Top of Material shown
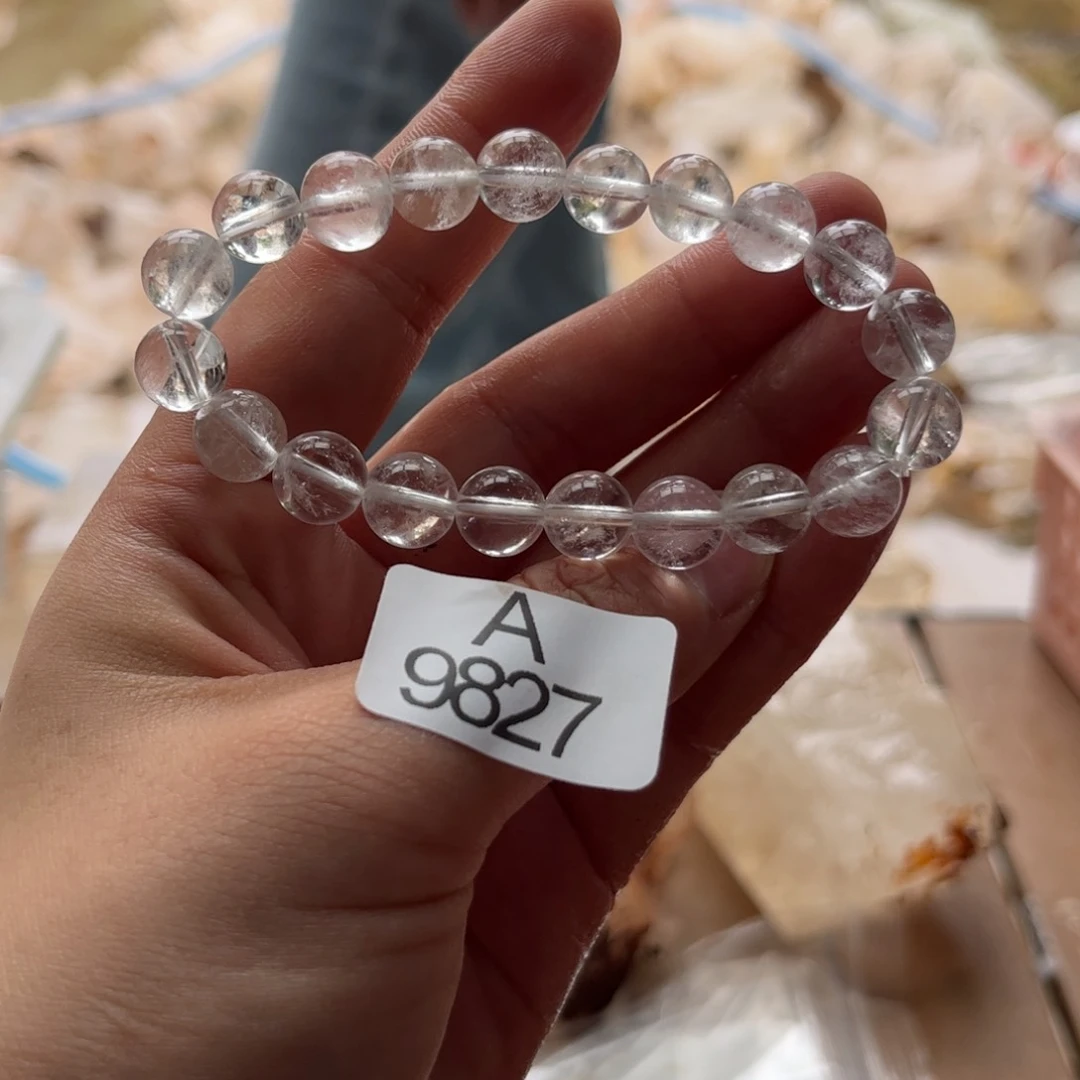 【闪购商品】未镶嵌水晶大型摆件（非配饰）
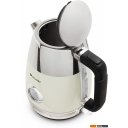 Чайники и термопоты Kitfort KT-633-3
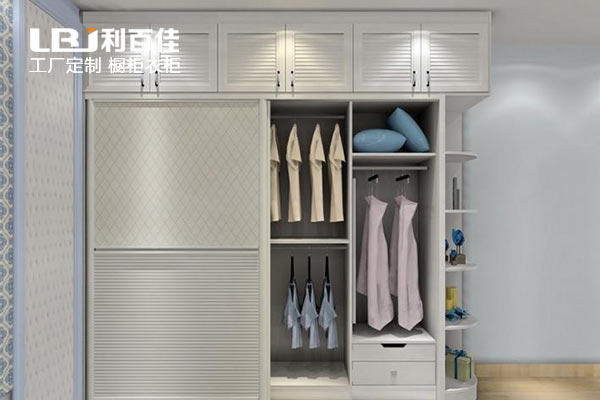 9.3-02.jpg 9.3-02.jpg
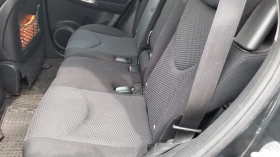 Toyota Rav4 2.2 d-4d 136kc 4х4, снимка 13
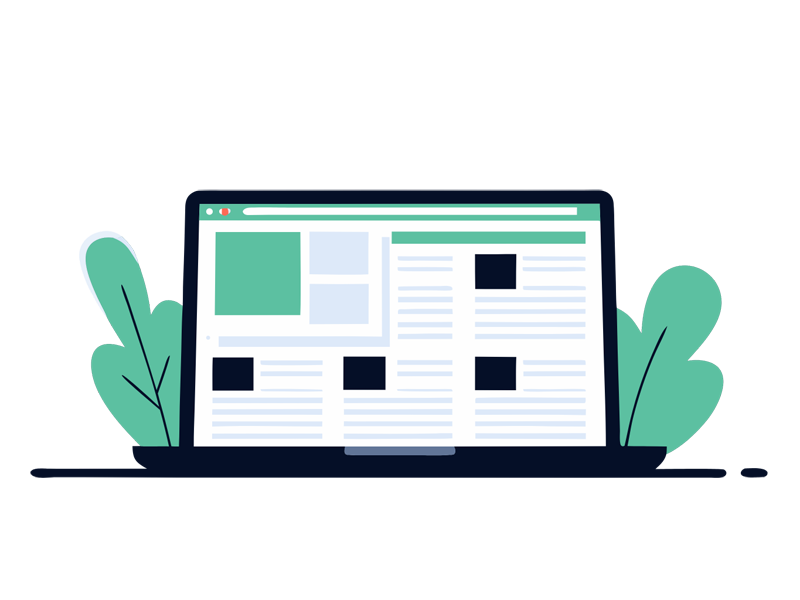 Gesponsorde blog en linkplaatsing op Studiekeuzemaken.nl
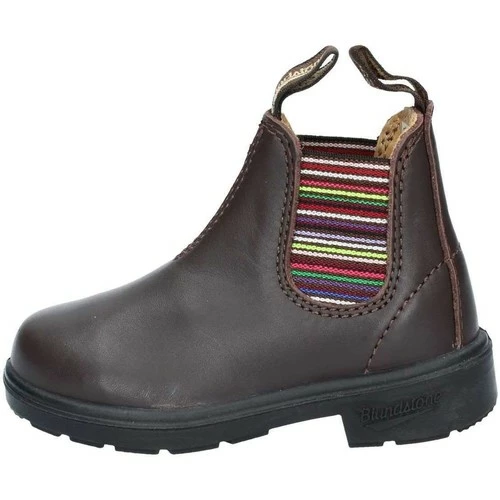 Blundstone BCCAL0296 1413 Couleur Multicolore – Image 2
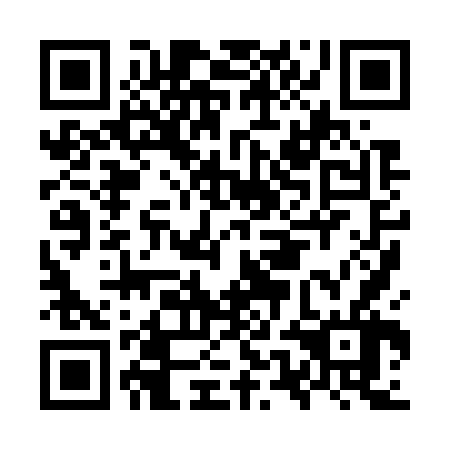 QR code for OUH 766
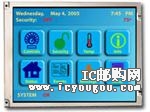 c鿴T-51513D104J-FW-A-AKNDƬ
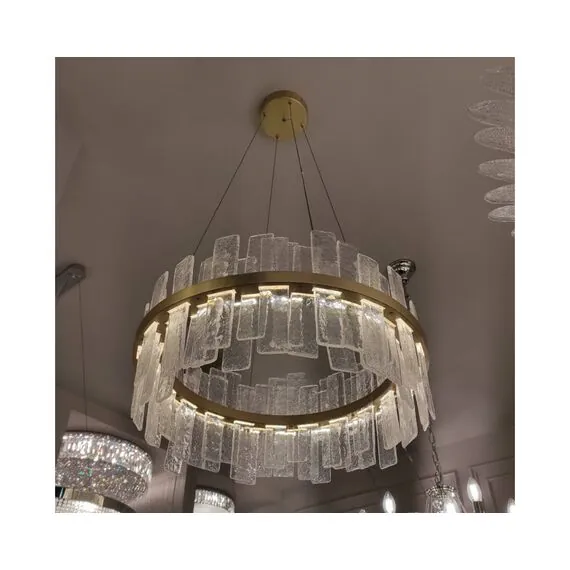 Newport 10830/60 new; М0068857 Подвесной светильник new, изображение 4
Bottom of Material shown
**Exercise goal**
Output all the material verbatim, skipping every image.

**Exercise response**
 【闪购商品】未镶嵌水晶大型摆件（非配饰）
 Чайники и термопоты Kitfort KT-633-3
 9.3-02.jpg 9.3-02.jpg
 Toyota Rav4 2.2 d-4d 136kc 4х4, снимка 13
 Gesponsorde blog en linkplaatsing op Studiekeuzemaken.nl
 Blundstone BCCAL0296 1413 Couleur Multicolore – Image 2
 QR code for OUH 766
 c鿴T-51513D104J-FW-A-AKNDƬ
 Newport 10830/60 new; М0068857 Подвесной светильник new, изображение 4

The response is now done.